**SUPPLIED MATERIAL**
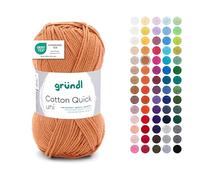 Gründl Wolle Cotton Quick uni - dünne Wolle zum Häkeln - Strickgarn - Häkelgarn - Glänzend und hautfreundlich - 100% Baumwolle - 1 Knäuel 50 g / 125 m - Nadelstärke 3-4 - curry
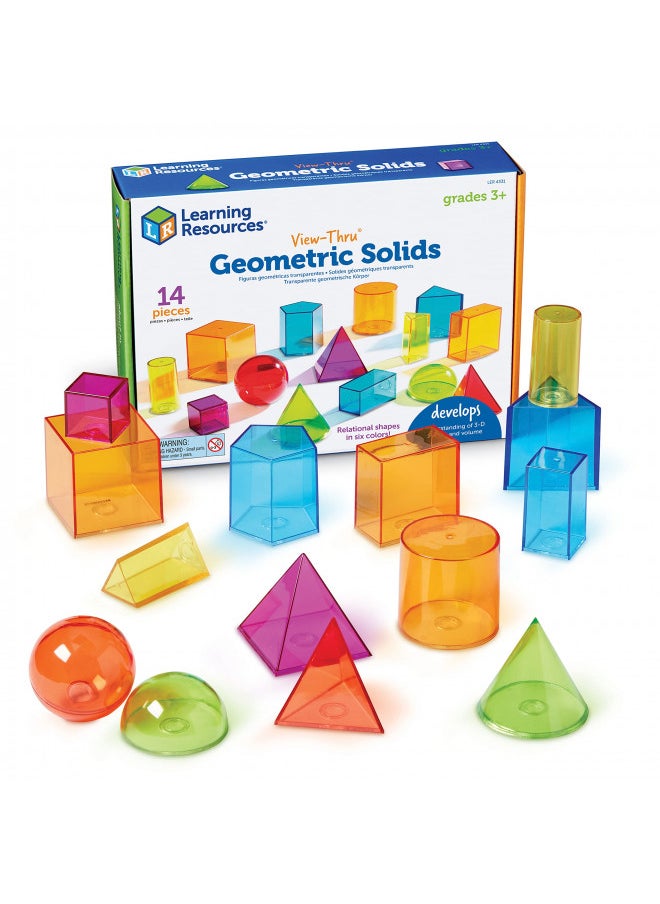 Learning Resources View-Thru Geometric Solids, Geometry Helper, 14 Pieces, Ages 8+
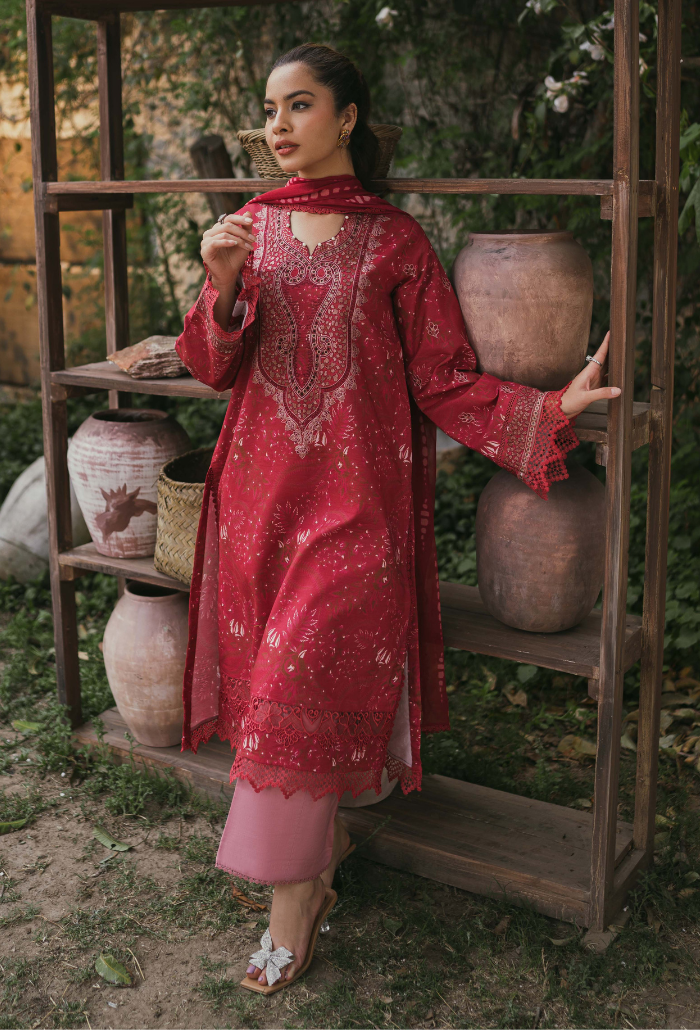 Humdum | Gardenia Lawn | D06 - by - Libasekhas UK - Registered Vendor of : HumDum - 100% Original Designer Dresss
---
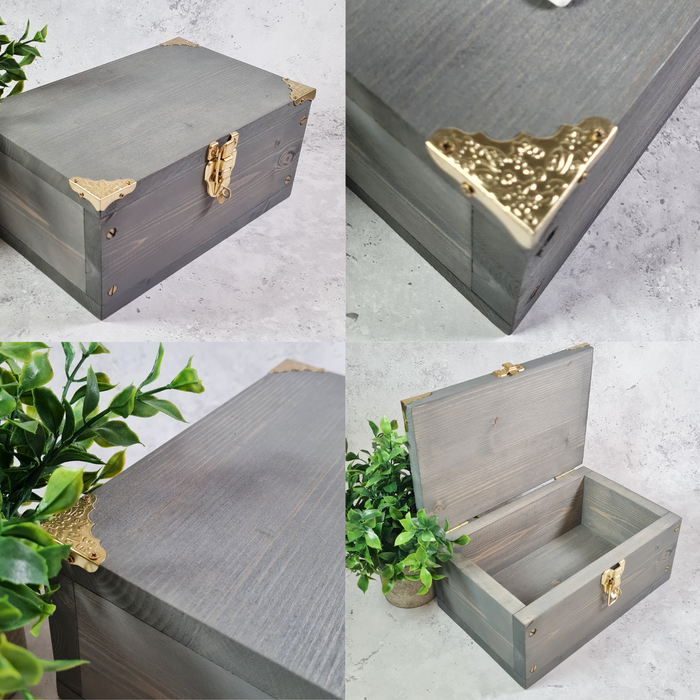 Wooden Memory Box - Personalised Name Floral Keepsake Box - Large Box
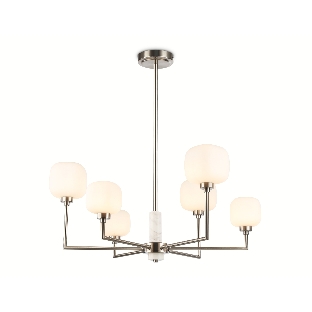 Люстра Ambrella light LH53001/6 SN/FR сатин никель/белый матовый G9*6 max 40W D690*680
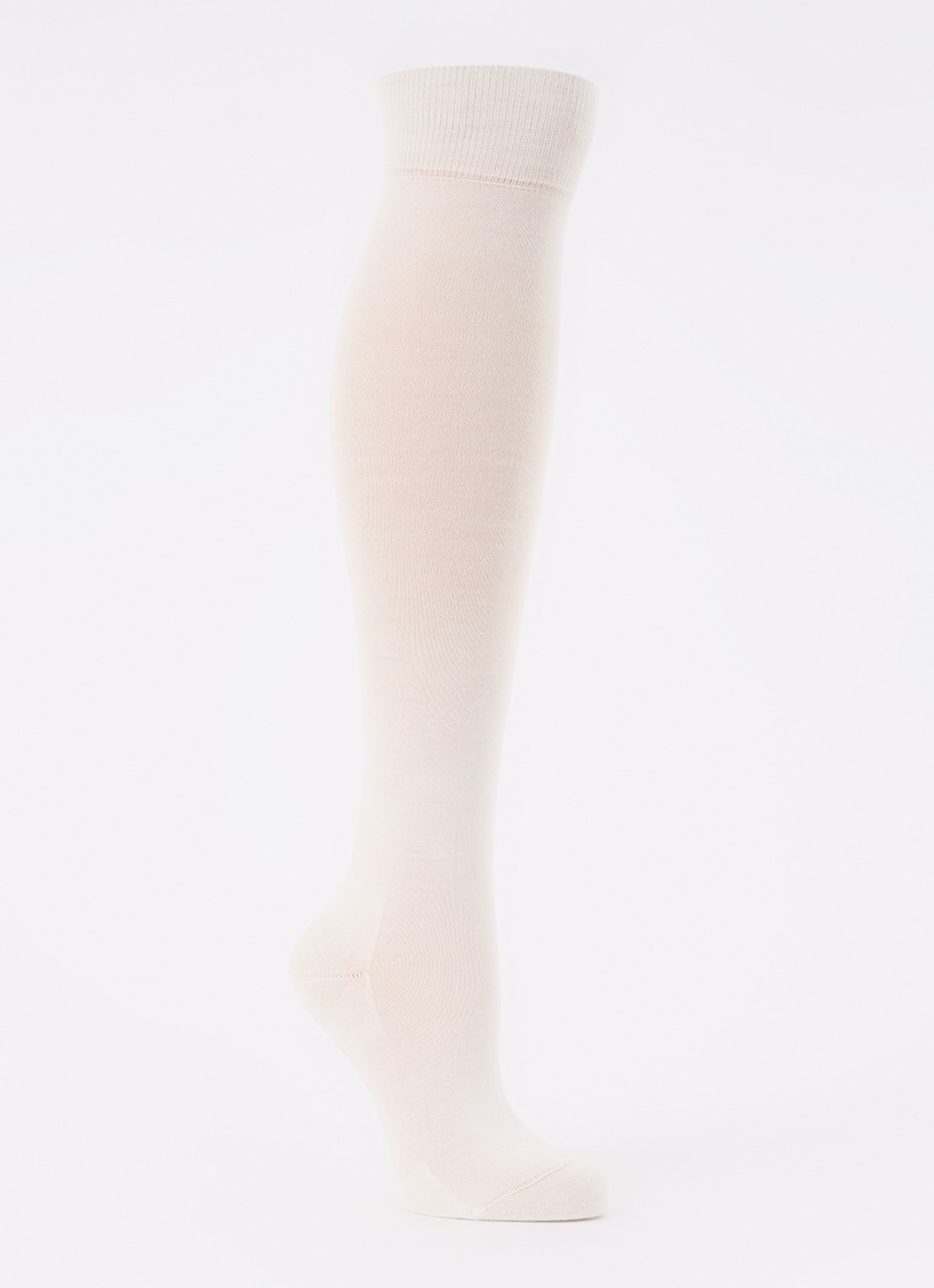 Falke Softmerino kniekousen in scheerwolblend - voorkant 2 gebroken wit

**YOUR OBJECTIVE**
Above, find the line with "Learning Resources View-Thru"; copy it and every line down to the line with "Humdum | Gardenia", exactly and both included, but no pictures.

**ANSWER FOR THE TASK**
 Learning Resources View-Thru Geometric Solids, Geometry Helper, 14 Pieces, Ages 8+
 Humdum | Gardenia Lawn | D06 - by - Libasekhas UK - Registered Vendor of : HumDum - 100% Original Designer Dresss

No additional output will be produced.